Chapman's lecture, entitled "Little Things That Have Made a Big Difference," combined two of his favorite subjects; history and medicine.

"I have been a dean of one sort or another continuously since 1963; have been a dean at Vanderbilt since 1967; and have been "The Dean" at Vanderbilt continuously for 25 years. Throughout those years I have collected examples of how little things make big differences. If one wishes to make a big difference, one begins with little things, learning from history regarding how some basic principles of understanding and action apply to our environment," Chapman told the Light Hall audience.

"Learning to convert life experience into life's learning is an important learning tool which serves as a critical basis for understanding what I call virtual learning — learning from everything."

The lectureship was established by Dr. Richard E. Strain Jr., a 1975 VUSM graduate, in memory of his father, Dr. Richard E. Strain Sr. The annual lecture is devoted to subjects that address the changing role of medicine in our culture.

Chapman's historic examples of little things that became big things included a letter notifying George Washington that he had been elected president and a not-so-important looking note from President Harry Truman that authorized dropping the atomic bomb. The note from Truman to a military aide read "your suggestions have been approved. Release when ready but not sooner than Aug. 2."

"Things don't have to look important to be important. This turned out to be one of the most important documents of the 20th century," Chapman said.

Chapman said history influences how current trends in medicine are applied.

"We can use history in making decisions cogent, useful and positive, all working in the context of responsible initiatives," he said. "Current trends in medical education cry out for your involvement and my involvement."

One of the challenges of the 21st century is how to best continue teaching the massive amounts of information that medical students must absorb.

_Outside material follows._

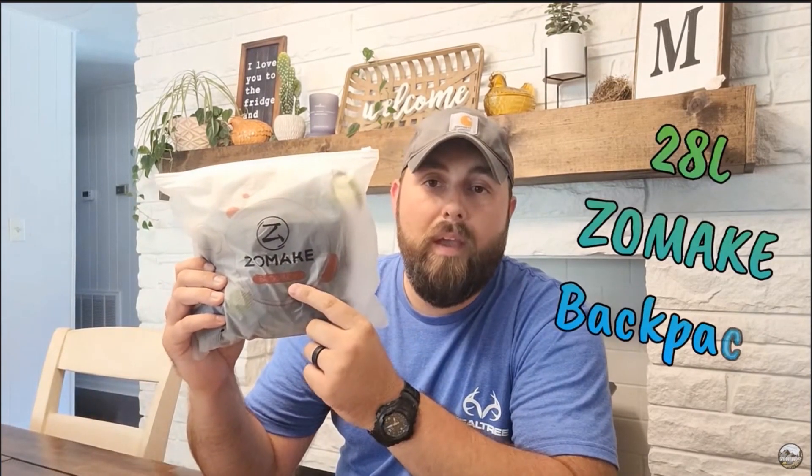Alrighty y'all, welcome back to GM Outdoors. Hope everybody's having a fantastic week out there. So what are we doing today? We're doing another product review of a 28-liter Zomake backpack.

"First-year students must learn 48,000 facts and 30,000 principles. That's 24 new facts and concepts an hour. We have more to do and less time to do it. How do we address this?"

The problems of funding a medical education must also be addressed, he said.

"The current methods of funding medical education as a sacrifice or parasite on other endeavors is no longer feasible or acceptable. The product of the medical school is knowledge: knowledge in action or service; knowledge shared, or education; and knowledge discovered or research. Knowledge is our product, the student and patient our priorities."